Neil and Bonnie, from Woodmere, were among 60 fans who spent $500 to play softball on the Citi Field grass. Met legends Strawberry and Dwight Gooden were there to not only sign autographs, but also coach the four softball teams, with the proceeds going to the Fisher House Foundation, which supports military members and their families.
“To spend our 42nd anniversary at Citi Field like this is amazing,” said Bonnie Sutter, who watched her husband play from the left field stands.
While watching the games taking place in left and right field, Gooden talked with a fans about the ’86 team. It surely wasn’t the first time Gooden has discussed that magical season, but he says it never gets old.
“When you’re playing you don’t have the opportunity to talk to fans,” Gooden said. “Now, you have nothing but time to take pictures and share the great memories with fans.”
Gooden and Strawberry were more than happy to greet four members of the Wounded Warriors Amputee Softball Team, who played Thursday afternoon.

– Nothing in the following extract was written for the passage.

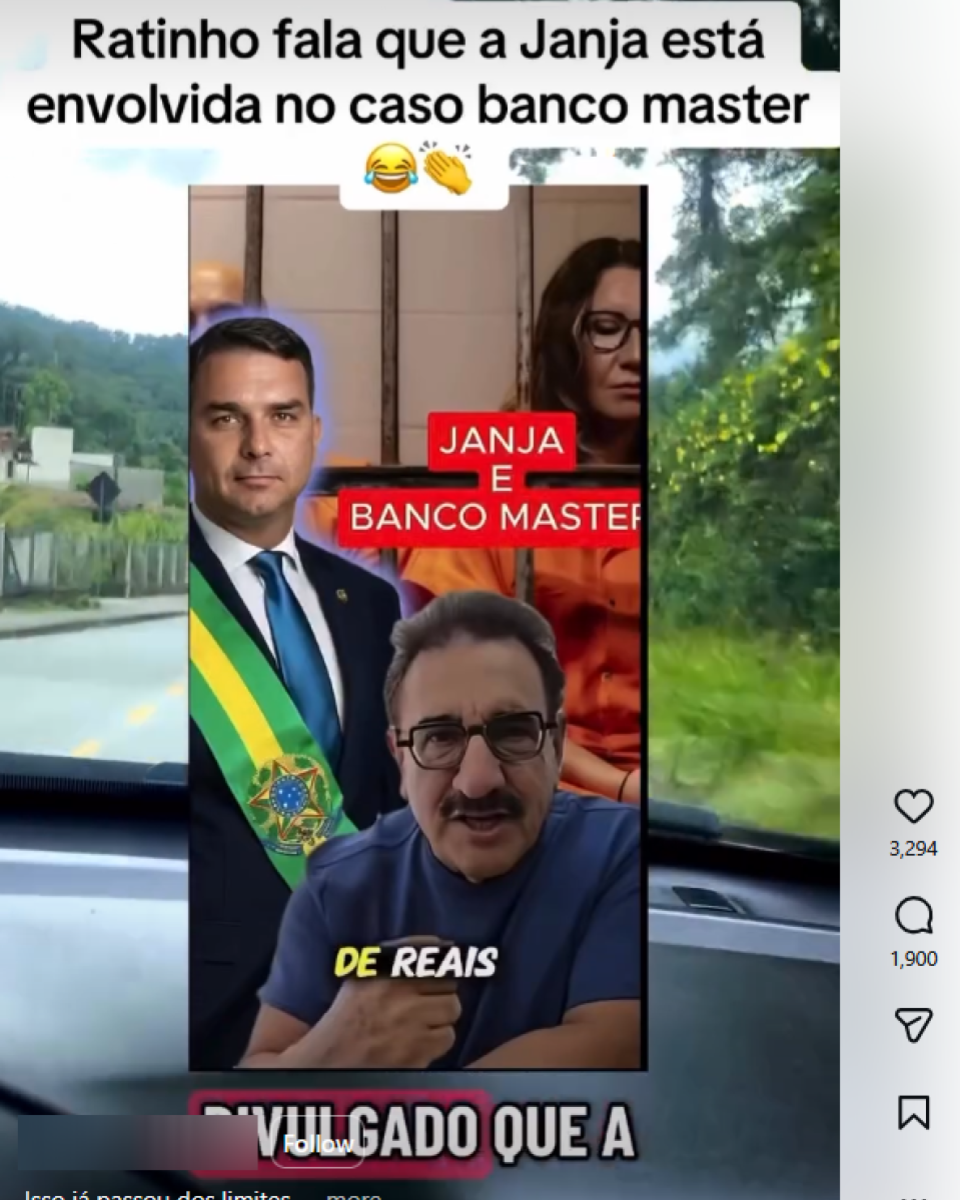 Post no Instagram mostra vídeo com montagem que traz, ao fundo, o senador Flávio Bolsonaro com uma faixa presidencial e a primeira-dama Janja com roupas de presidiária. Em primeiro plano, está a figura do apresentador Ratinho. No topo aparece a frase ‘Ratinho fala que a Janja está envolvida no caso banco master’.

Greg Reynolds, a Wounded Warriors outfielder from Dighton, Mass., who had his left arm amputated, says the team has some of the best amputee athletes around the nation. Reynolds was stationed in Iraq for 15 months during the initial invasion in 2003 and 2004.
“To play on an MLB field and see my name of the jumbotron is a very humbling experience,” Reynolds said. “I never imagined this would have happened.”
Though Gooden brought a competitive mindset to Citi Field Thursday – saying he would have pitched if needed – Strawberry was not there to take swings. He was simply supporting Reynolds and the other amputees, a cause he believes does not get enough care.
“It’s also good to remember who’s important in our country,” Strawberry said. “We should be grateful for them. Families suffer more than anybody. This is a day they can come out to the ballpark and hang out with us and have some fun.”